Alpakka not using more than one CPU core

We have created a Alpakka stream, which consumes Kafka message from a topic and then process those messages. These messages are processed in parallel, using mapAsyncUnordered with a configured parallelism. The Kafka lag for the consumer increases, but the application uses only 1 core of CPU. I have changed the default dispatchers to, which uses a fork-join executor expecting it to use more than a CPU core. I have my application running in 32 cores.
Please find the configured settings below:

akka.kafka.consumer.use-dispatcher = ""

Consumer stream code:

Consumer.DrainingControl<Done> control = Consumer.committableSource(consumerSettings, Subscriptions.topics(topic))

                .buffer( 500, OverflowStrategy.backpressure() )

                //De-serialize the response from json to java object
                .mapAsyncUnordered( 5, //deserialize the output )

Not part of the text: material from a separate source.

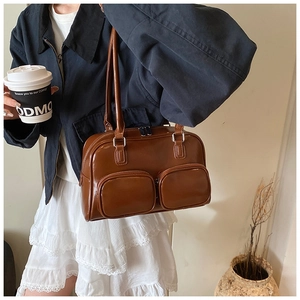Brown faux leather shoulder bag featuring dual front pockets and glossy retro finish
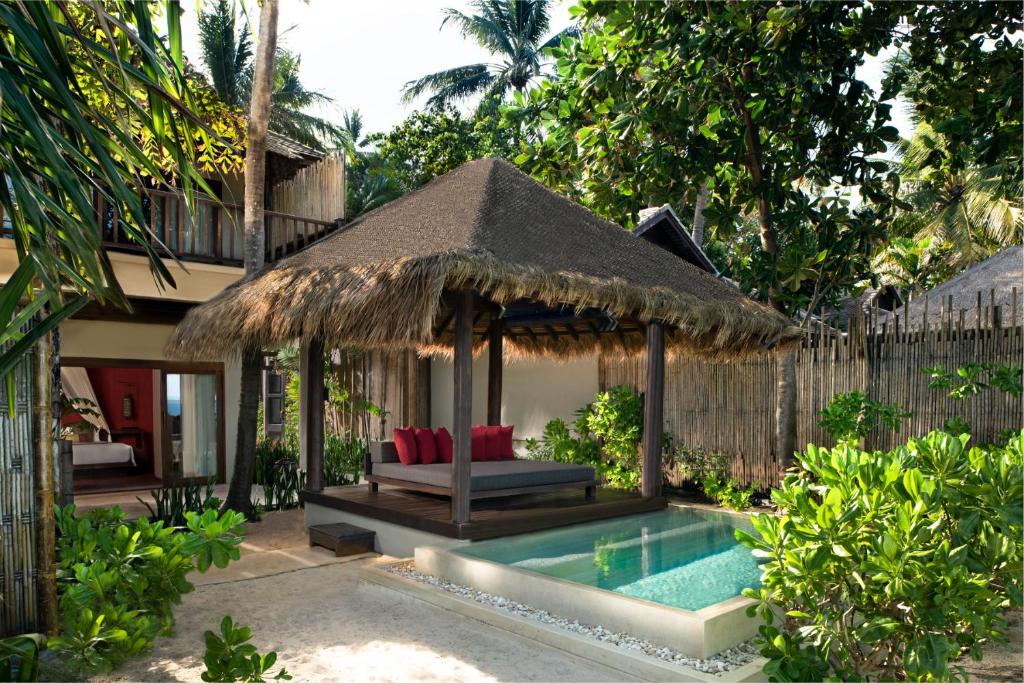 a villa with a bed and a swimming pool at Anantara Rasananda Koh Phangan Villas in Thong Nai Pan Noi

                .mapAsyncUnordered(5, //Process it and perform some calculations )

                .mapAsyncUnordered( 5, //Do something and return the consumer offset )

                //Commit the offset
                .toMat( Committer.sink(committerSettings.withMaxBatch(100)), Consumer::createDrainingControl)
                .run( materializer );

The stream runs in a akka-cluster, which is load balanced by same consumer group id. We have a typed actor system as well in the application which is used for triggering the request, with a group router which helps in sharing the load across the cluster. The triggered request is sent to a micro service as a Kafka message and we get a response as a Kafka message which is processed by streams. And these messages are not necessarily to be processed in order, hence the use of mapAsyncUnordered…

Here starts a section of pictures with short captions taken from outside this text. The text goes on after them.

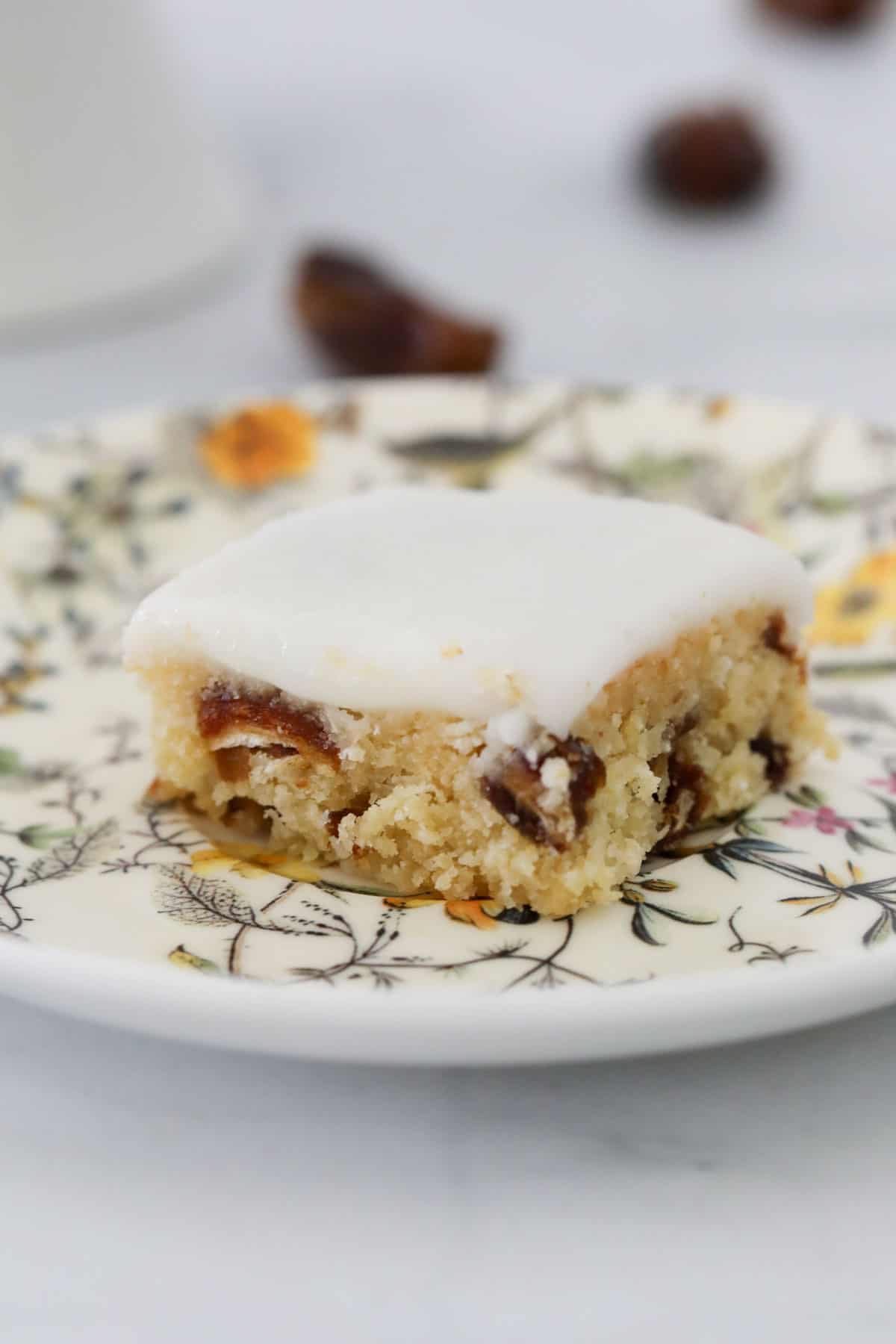 A piece of date slice with lemon icing, on a pretty floral plate.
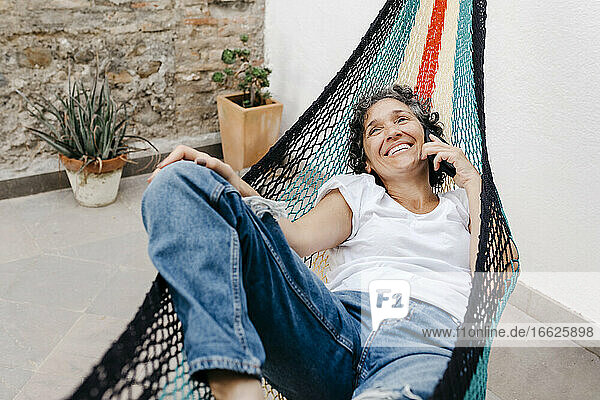Lächelnde Frau  die über ihr Smartphone spricht  während sie sich in einer Hängematte im Garten entspannt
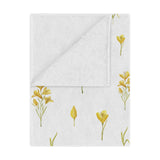 Golden Meadow minky baby blanket draped over a crib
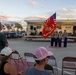 A United States Marine Corps color guard is presenting flags, including the American flag and the USMC flag, at an outdoor community event near a small stage. Audience members are seated in folding chairs watching the ceremony at dusk, with one man standing in apparent respect. The event appears to be taking place in a parking lot or outdoor venue with a performance stage visible in the background.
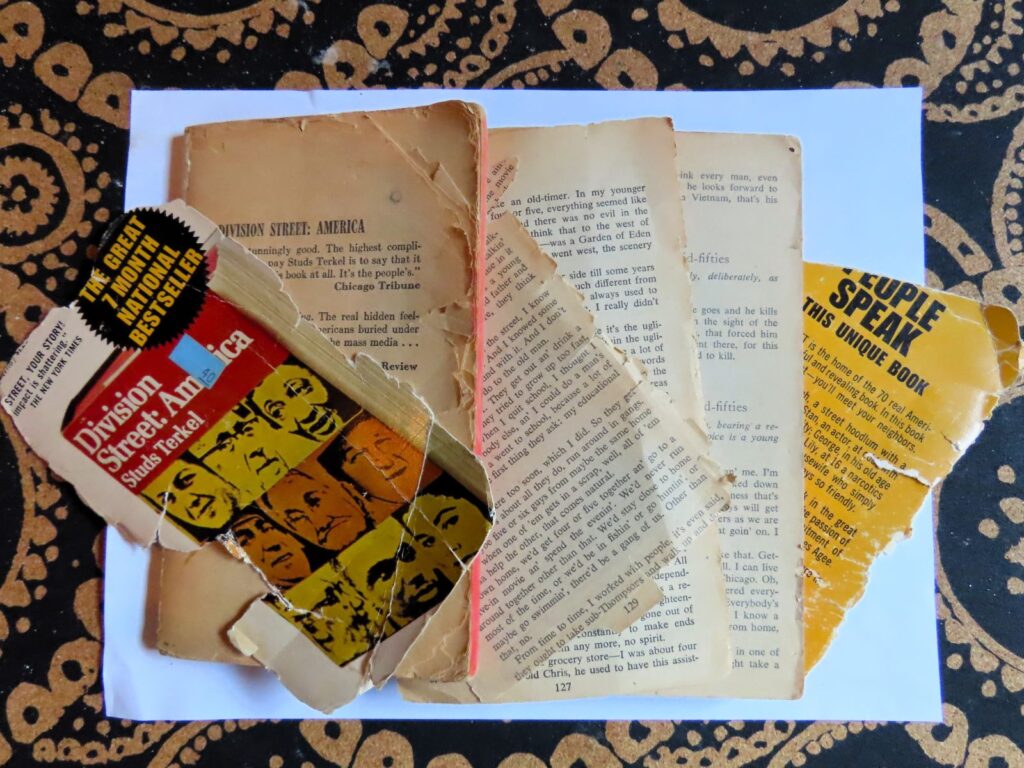 A well used paperback book in at least six pieces laying on a white sheet of paper.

Tried increasing the parallelism to even 100, but didn’t see a change.

Thanks in advance

Is the issue that you never observe more than 1 core being used, or that the parallelism value is not actually running operations in parallel?

I never observed more than core being used, it answers the second point as well, or am I wrong in understanding that? If the operations were run parallel then, we expect more than one core to be used right?

There could be a number of reasons why additional cores are unused. Ultimately it’s up to the JVM and your OS to determine when a thread should be assigned to another core.

If you have 32 cores at your disposal and the transformations are mainly CPU bound then you could set the parallelism in mapAsyncUnordered to 32 (or a bit higher).

Can you share your changes to the dispatcher config?

Have you tried increasing the throughput of your application?

Is your application running within a Linux cgroup with any memory or CPU limits?

General note: It’s not advisable to use mapAsyncUnordered if you rely on ordering of your messages. Since you’re using the Committer.sink it’s possible that offsets could be committed out of order and you may skip the processing of some records when a rebalance or shutdown occurs.

How many partitions does the topic have? If you have only one partition, and you are committing offsets manually, then you will only be able to process 1 message at a time — regardless of the parallelism in the middle; Kafka will only give you messages one by one.